[Opening Supplied records section]

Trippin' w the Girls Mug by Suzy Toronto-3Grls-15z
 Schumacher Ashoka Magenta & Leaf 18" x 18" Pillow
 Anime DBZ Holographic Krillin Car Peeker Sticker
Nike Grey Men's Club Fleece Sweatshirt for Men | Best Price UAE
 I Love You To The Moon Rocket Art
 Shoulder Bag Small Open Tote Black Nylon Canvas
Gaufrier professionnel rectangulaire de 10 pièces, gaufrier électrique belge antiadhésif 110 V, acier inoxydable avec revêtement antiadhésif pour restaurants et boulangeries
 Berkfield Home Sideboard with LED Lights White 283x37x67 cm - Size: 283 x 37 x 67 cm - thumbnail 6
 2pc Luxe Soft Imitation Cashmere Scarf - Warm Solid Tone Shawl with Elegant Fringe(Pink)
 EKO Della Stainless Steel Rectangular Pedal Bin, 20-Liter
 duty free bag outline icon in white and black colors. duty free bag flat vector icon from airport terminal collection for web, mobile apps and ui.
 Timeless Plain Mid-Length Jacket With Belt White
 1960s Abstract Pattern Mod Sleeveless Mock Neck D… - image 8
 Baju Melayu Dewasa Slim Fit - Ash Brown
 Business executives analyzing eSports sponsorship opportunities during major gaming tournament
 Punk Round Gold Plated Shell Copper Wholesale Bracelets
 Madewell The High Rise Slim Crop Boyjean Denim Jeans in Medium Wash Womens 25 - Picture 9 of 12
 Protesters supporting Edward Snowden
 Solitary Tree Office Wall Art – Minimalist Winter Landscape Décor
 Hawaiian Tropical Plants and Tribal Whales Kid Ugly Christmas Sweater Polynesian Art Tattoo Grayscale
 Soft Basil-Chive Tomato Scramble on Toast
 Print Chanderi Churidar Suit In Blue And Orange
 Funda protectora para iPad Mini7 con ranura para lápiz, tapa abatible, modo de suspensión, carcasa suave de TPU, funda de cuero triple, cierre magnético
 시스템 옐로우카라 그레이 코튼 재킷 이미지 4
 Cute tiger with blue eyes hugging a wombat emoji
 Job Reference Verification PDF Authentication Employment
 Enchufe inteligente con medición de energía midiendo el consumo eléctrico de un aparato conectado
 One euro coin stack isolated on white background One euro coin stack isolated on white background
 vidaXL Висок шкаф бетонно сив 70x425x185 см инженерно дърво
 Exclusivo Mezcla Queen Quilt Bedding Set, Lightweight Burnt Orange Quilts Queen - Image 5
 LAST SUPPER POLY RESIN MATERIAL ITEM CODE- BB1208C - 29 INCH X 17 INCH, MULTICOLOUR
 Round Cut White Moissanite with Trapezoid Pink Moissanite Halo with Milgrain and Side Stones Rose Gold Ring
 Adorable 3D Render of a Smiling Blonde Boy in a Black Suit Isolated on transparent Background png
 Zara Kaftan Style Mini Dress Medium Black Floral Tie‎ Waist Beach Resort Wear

[Closing Supplied records section]

> **What to produce**: Nothing should be left out: repeat all of the data exactly.

> **Answer box**:
Trippin' w the Girls Mug by Suzy Toronto-3Grls-15z
 Schumacher Ashoka Magenta & Leaf 18" x 18" Pillow
 Anime DBZ Holographic Krillin Car Peeker Sticker
Nike Grey Men's Club Fleece Sweatshirt for Men | Best Price UAE
 I Love You To The Moon Rocket Art
 Shoulder Bag Small Open Tote Black Nylon Canvas
Gaufrier professionnel rectangulaire de 10 pièces, gaufrier électrique belge antiadhésif 110 V, acier inoxydable avec revêtement antiadhésif pour restaurants et boulangeries
 Berkfield Home Sideboard with LED Lights White 283x37x67 cm - Size: 283 x 37 x 67 cm - thumbnail 6
 2pc Luxe Soft Imitation Cashmere Scarf - Warm Solid Tone Shawl with Elegant Fringe(Pink)
 EKO Della Stainless Steel Rectangular Pedal Bin, 20-Liter
 duty free bag outline icon in white and black colors. duty free bag flat vector icon from airport terminal collection for web, mobile apps and ui.
 Timeless Plain Mid-Length Jacket With Belt White
 1960s Abstract Pattern Mod Sleeveless Mock Neck D… - image 8
 Baju Melayu Dewasa Slim Fit - Ash Brown
 Business executives analyzing eSports sponsorship opportunities during major gaming tournament
 Punk Round Gold Plated Shell Copper Wholesale Bracelets
 Madewell The High Rise Slim Crop Boyjean Denim Jeans in Medium Wash Womens 25 - Picture 9 of 12
 Protesters supporting Edward Snowden
 Solitary Tree Office Wall Art – Minimalist Winter Landscape Décor
 Hawaiian Tropical Plants and Tribal Whales Kid Ugly Christmas Sweater Polynesian Art Tattoo Grayscale
 Soft Basil-Chive Tomato Scramble on Toast
 Print Chanderi Churidar Suit In Blue And Orange
 Funda protectora para iPad Mini7 con ranura para lápiz, tapa abatible, modo de suspensión, carcasa suave de TPU, funda de cuero triple, cierre magnético
 시스템 옐로우카라 그레이 코튼 재킷 이미지 4
 Cute tiger with blue eyes hugging a wombat emoji
 Job Reference Verification PDF Authentication Employment
 Enchufe inteligente con medición de energía midiendo el consumo eléctrico de un aparato conectado
 One euro coin stack isolated on white background One euro coin stack isolated on white background
 vidaXL Висок шкаф бетонно сив 70x425x185 см инженерно дърво
 Exclusivo Mezcla Queen Quilt Bedding Set, Lightweight Burnt Orange Quilts Queen - Image 5
 LAST SUPPER POLY RESIN MATERIAL ITEM CODE- BB1208C - 29 INCH X 17 INCH, MULTICOLOUR
 Round Cut White Moissanite with Trapezoid Pink Moissanite Halo with Milgrain and Side Stones Rose Gold Ring
 Adorable 3D Render of a Smiling Blonde Boy in a Black Suit Isolated on transparent Background png
 Zara Kaftan Style Mini Dress Medium Black Floral Tie‎ Waist Beach Resort Wear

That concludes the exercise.